The process of testing our hypothesis to ensure that our explanation or hypothesis about a behavior, event, or phenomenon is plausible - reasonable, and supported by evidence
Steps of hypothesis testing
1. State the research question
2. Specify the null and alternative hypothesis
3. Determine the level of significance
4. Compute the test statistic
5. Make a decision and state conclusion
Research question
The foundation of a systematic investigation, representing an inquiry the research aims to answer. It is written in question form and has no stated expectation about the outcome.
Types of research questions
Testing of Difference: Do men and women differ in terms of conversational memory?
Testing of Association: Is there a significant relationship between social media use and level of self-esteem among adolescents?
Hypothesis
A guess, possible state, or tentative answer to the research question, based on research and grounded in theory
Rationale of hypotheses
The logical reasoning behind the direction of the hypotheses, which may be based on past research, existing theory, or logical reasoning
Null hypothesis
A prediction of no effect on treatment, no relation between variables, and no difference between groups. The main idea is that nothing is going on.
Alternative hypothesis
A prediction of real effect on treatment, the relationship between variables, and the difference between groups. Can be directional (one-tailed) or non-directional (two-tailed).
Level of significance
The level of probability at which the null hypothesis can be rejected with confidence and the research hypothesis can be accepted with confidence.
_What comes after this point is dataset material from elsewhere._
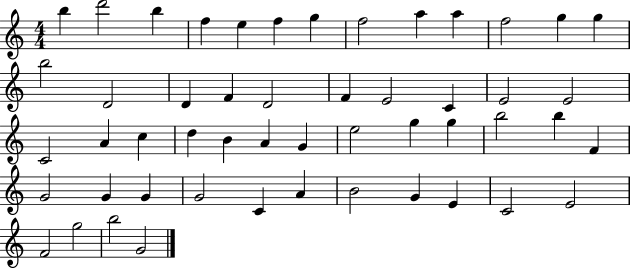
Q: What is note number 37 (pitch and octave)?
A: G4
Conventional level is α = .05, conservative level is α = .01.
Parametric tests
Assume normality (or at least large sample sizes so that sampling distribution is normal), require interval or ratio level of data, and are the most powerful
Non-parametric tests
Do not require a normal distribution, can be used in both nominal or ordinal levels of measurement, and are utilized in conditions that are not stringent or controlled, or when the sample is small (n<30)
Parametric tests
Independent Samples t-test
Paired Samples t-test
Analysis of Variance (ANOVA) - One Way or Two Way
Pearson Correlation
Linear Regression
Non-parametric tests
Chi-Square
Kruskal-Wallis H
Wilcoxon Test
Friedman Test
Decision-making in hypothesis testing
1. Compare the p-value with the significance level
2. If p-value < significance level, reject the null hypothesis (statistically significant)
3. If p-value ≥ significance level, fail to reject the null hypothesis (not statistically significant)
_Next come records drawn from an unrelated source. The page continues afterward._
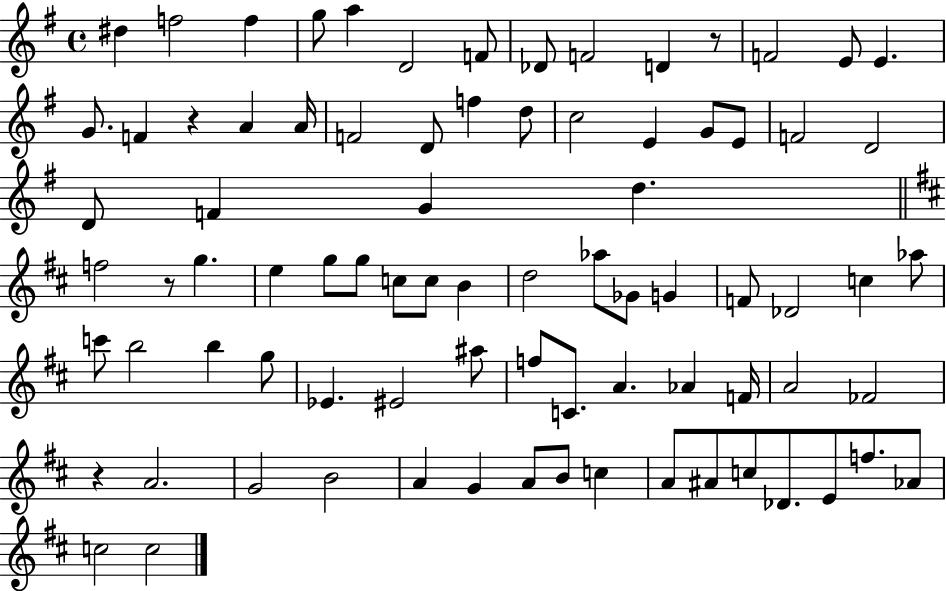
{
  \clef treble
  \time 4/4
  \defaultTimeSignature
  \key g \major
  dis''4 f''2 f''4 | g''8 a''4 d'2 f'8 | des'8 f'2 d'4 r8 | f'2 e'8 e'4. | \break g'8. f'4 r4 a'4 a'16 | f'2 d'8 f''4 d''8 | c''2 e'4 g'8 e'8 | f'2 d'2 | \break d'8 f'4 g'4 d''4. | \bar "||" \break \key d \major f''2 r8 g''4. | e''4 g''8 g''8 c''8 c''8 b'4 | d''2 aes''8 ges'8 g'4 | f'8 des'2 c''4 aes''8 | \break c'''8 b''2 b''4 g''8 | ees'4. eis'2 ais''8 | f''8 c'8. a'4. aes'4 f'16 | a'2 fes'2 | \break r4 a'2. | g'2 b'2 | a'4 g'4 a'8 b'8 c''4 | a'8 ais'8 c''8 des'8. e'8 f''8. aes'8 | \break c''2 c''2 | \bar "|."
}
Conclusion in hypothesis testing
1. Describe the results of the null hypothesis (whether it was accepted or rejected, and for what value of alpha or p-value)
2. Describe the results of the alternative hypothesis (answering the research question and stating the sample statistic collected)
TypeI error (α error)
Rejecting the null hypothesis when in reality the null hypothesis is true - finding a significant effect, difference, or relationship, when in reality, there is none (false positive)
Type II error (β error)
Failing to reject the null hypothesis when in reality null hypothesis is false - finding no significant effect, difference, or relationship when in reality, there is a difference (false negative)
Significance level
Regulates Type I error - conservative standards reduce Type I error, but increase the probability of Type II error
Sample size
Regulates Type II error - the larger the sample, the lower the probability of Type II error occurring in conservative testing
Inferential statistics
A set of tools and procedures wherein the data are used to estimate population parameters based on sample values or to test hypotheses and draw conclusions
Non-parametric alternatives to parametric tests
Mann Whitney U or Wilcoxon Rank Sums Test (alternative to Independent Samples T-test)
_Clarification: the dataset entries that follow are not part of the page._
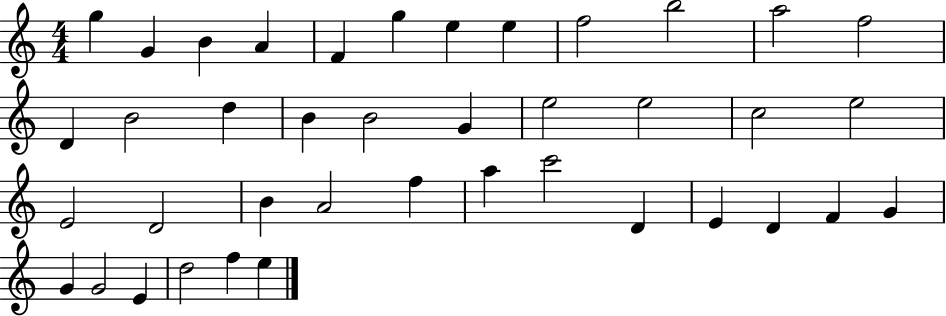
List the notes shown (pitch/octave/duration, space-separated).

G5/q G4/q B4/q A4/q F4/q G5/q E5/q E5/q F5/h B5/h A5/h F5/h D4/q B4/h D5/q B4/q B4/h G4/q E5/h E5/h C5/h E5/h E4/h D4/h B4/q A4/h F5/q A5/q C6/h D4/q E4/q D4/q F4/q G4/q G4/q G4/h E4/q D5/h F5/q E5/q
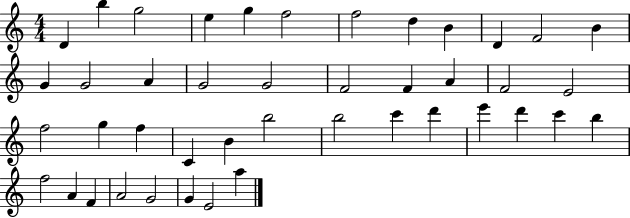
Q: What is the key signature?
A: C major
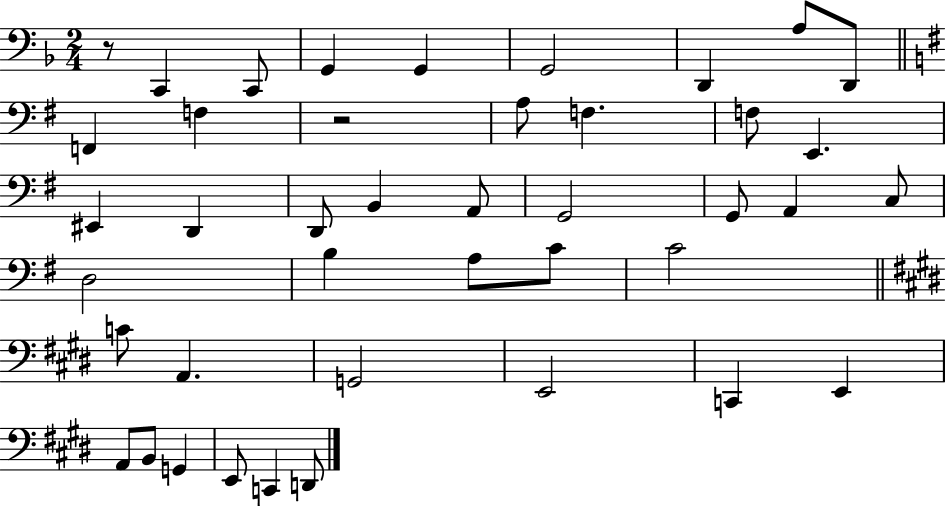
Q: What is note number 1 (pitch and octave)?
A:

Wilcoxon Signed Rank Test (alternative to paired samples t-test)
Kruskal Wallis H (alternative to One-way and Two-way/Factorial Anova)
Friedman Test (alternative to Repeated Measures ANOVA)
Spearman's Rank Correlation (alternative to Person's Correlation)
Types of ANOVA designs
One-Way ANOVA - compare more than two groups/levels
Factorial ANOVA - use more than two independent variables
Repeated Measures ANOVA - measure each respondent three or more times/conditions to look for change
One-Way ANOVA
A statistical test and non-directional procedure that compares more than two means to determine if they have statistically significant differences
Logic of ANOVA
Variance - a measure of how spread out or dispersed the scores are from the mean
Two sources of variance: Variation Between Groups and Variation Within Groups
Comparing means using ANOVA entails an analysis of whether the distribution of groups are separate enough
Assumptions of One-Way ANOVA
The dependent variable must be continuous (interval/ratio)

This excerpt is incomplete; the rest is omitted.